■ **Saved data entries**:
== Segment start ==
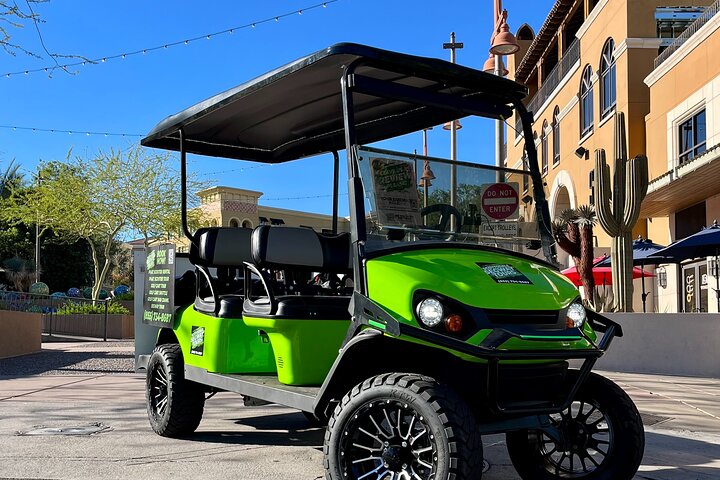 1.5 Hour Stretch Limo Golf Cart Tour, Ultimate Old Town Exploration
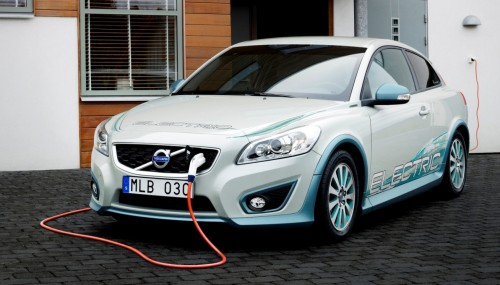 Volvo develops three range extender electric vehicle technical concepts based on C30 and V60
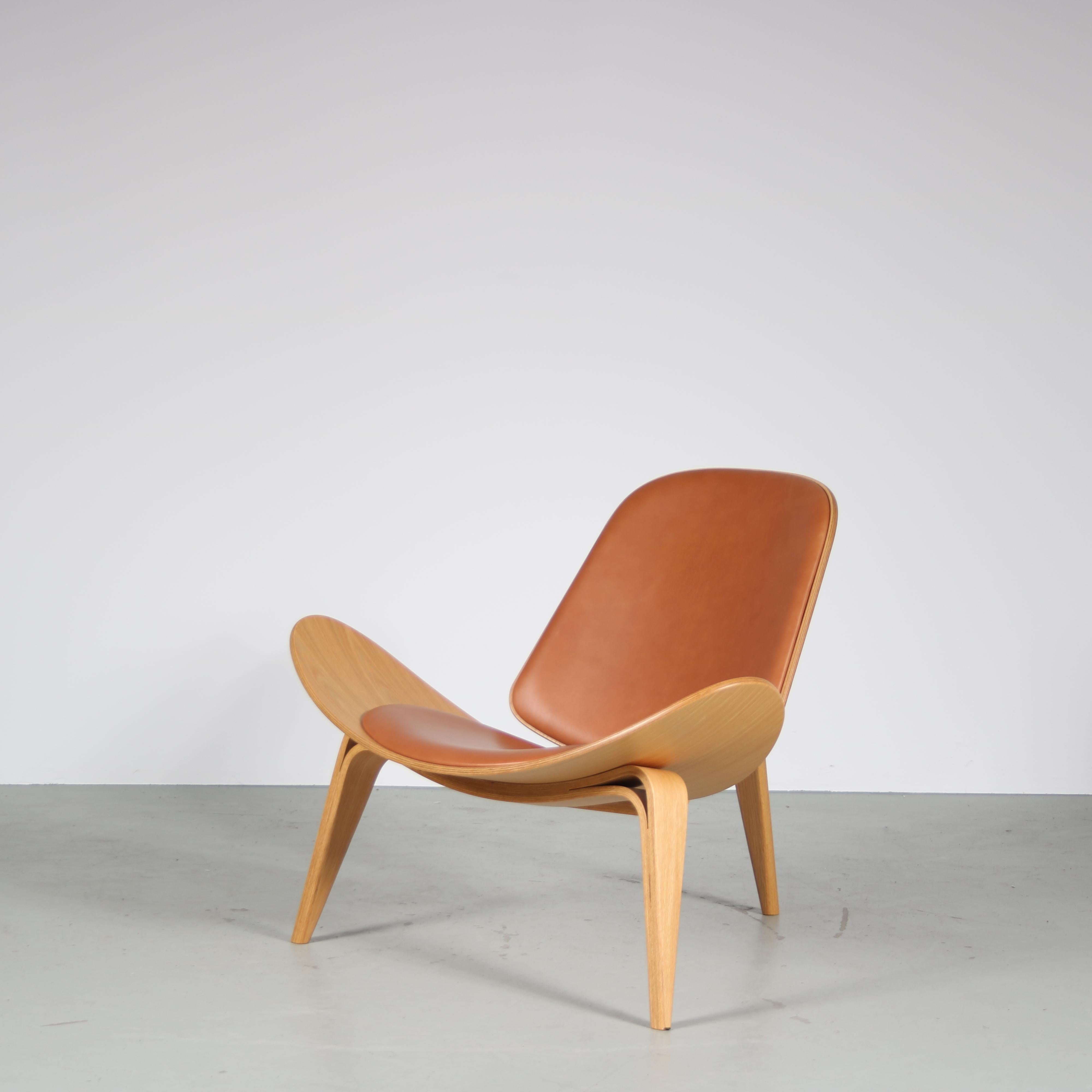 The “CH07” Shell chair is a modern classic designed by Danish designer Hans J. Wegner in 1963, but only produced for a short time before being reintroduced in 1998. This particular “CH07” Shell chair is a 2000s production by Carl Hansen, a Danish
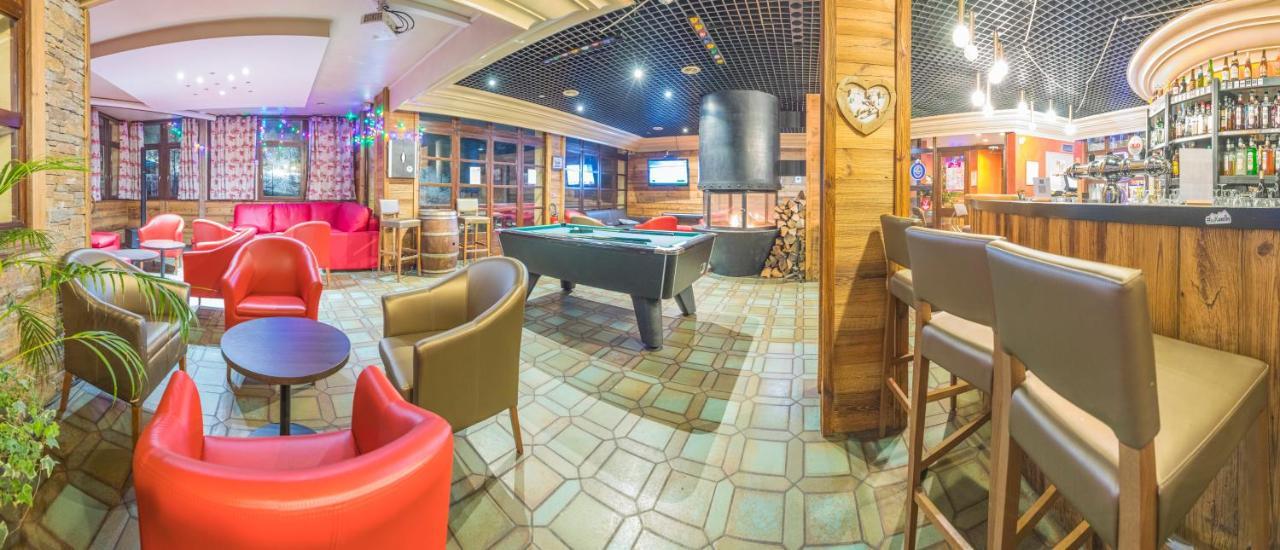 Hotel Alpazur Val Cenis Lanslebourg-Mont-Cenis Esterno foto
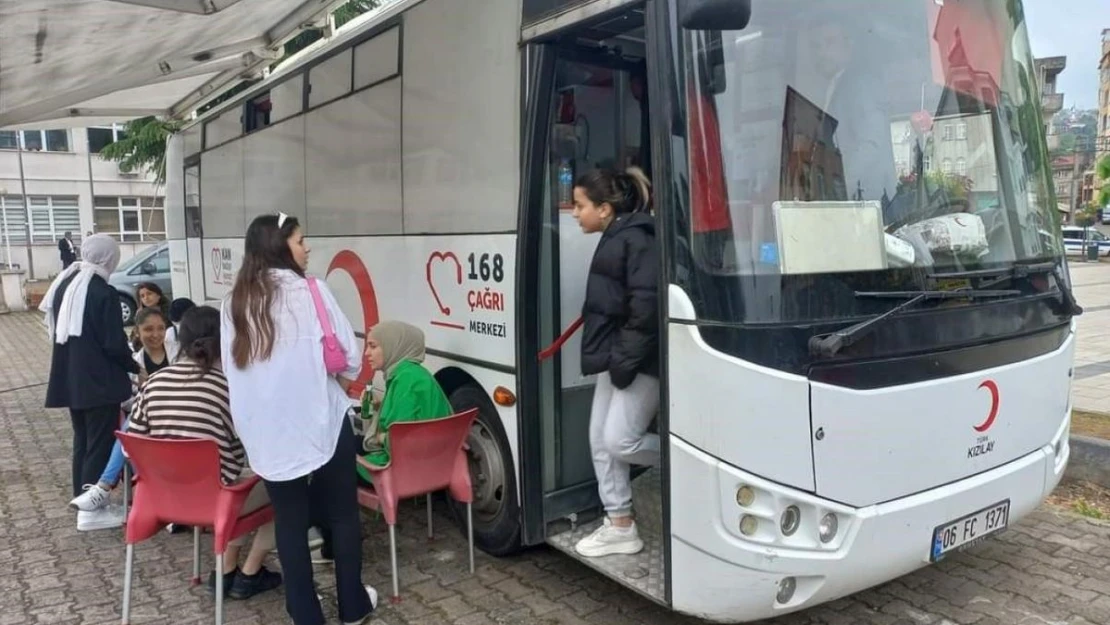 Eynesil'de yurtta kalan kız öğrenciler kan bağışında bulundu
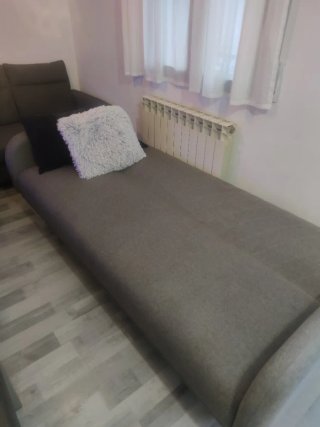 Sofá cama JYSK,2,00x70x1'10m.abierto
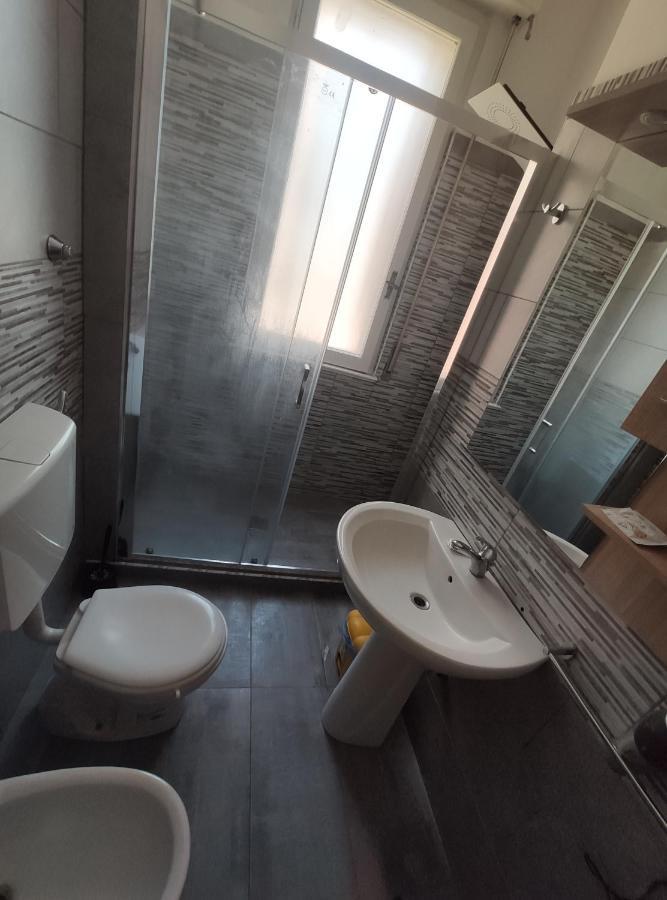 Appartamento C&Y Torelli 1 โนวารา ภายนอก รูปภาพ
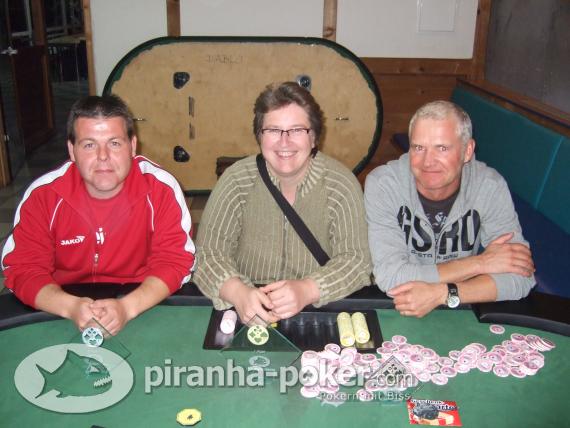 Piranha-Poker Multitableturnier am Samstag, den 25. September 2010 auf der Kartbahn Burgpark Ring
== Segment end ==
■ **TASK TO COMPLETE**: Transcribe exactly the lines from the one containing "Hansen, a Danish" through the last line of the records above, and nothing else. Leave out the pictures.

■ **TASK OUTPUT**:
 The “CH07” Shell chair is a modern classic designed by Danish designer Hans J. Wegner in 1963, but only produced for a short time before being reintroduced in 1998. This particular “CH07” Shell chair is a 2000s production by Carl Hansen, a Danish
 Hotel Alpazur Val Cenis Lanslebourg-Mont-Cenis Esterno foto
 Eynesil'de yurtta kalan kız öğrenciler kan bağışında bulundu
 Sofá cama JYSK,2,00x70x1'10m.abierto
 Appartamento C&Y Torelli 1 โนวารา ภายนอก รูปภาพ
 Piranha-Poker Multitableturnier am Samstag, den 25. September 2010 auf der Kartbahn Burgpark Ring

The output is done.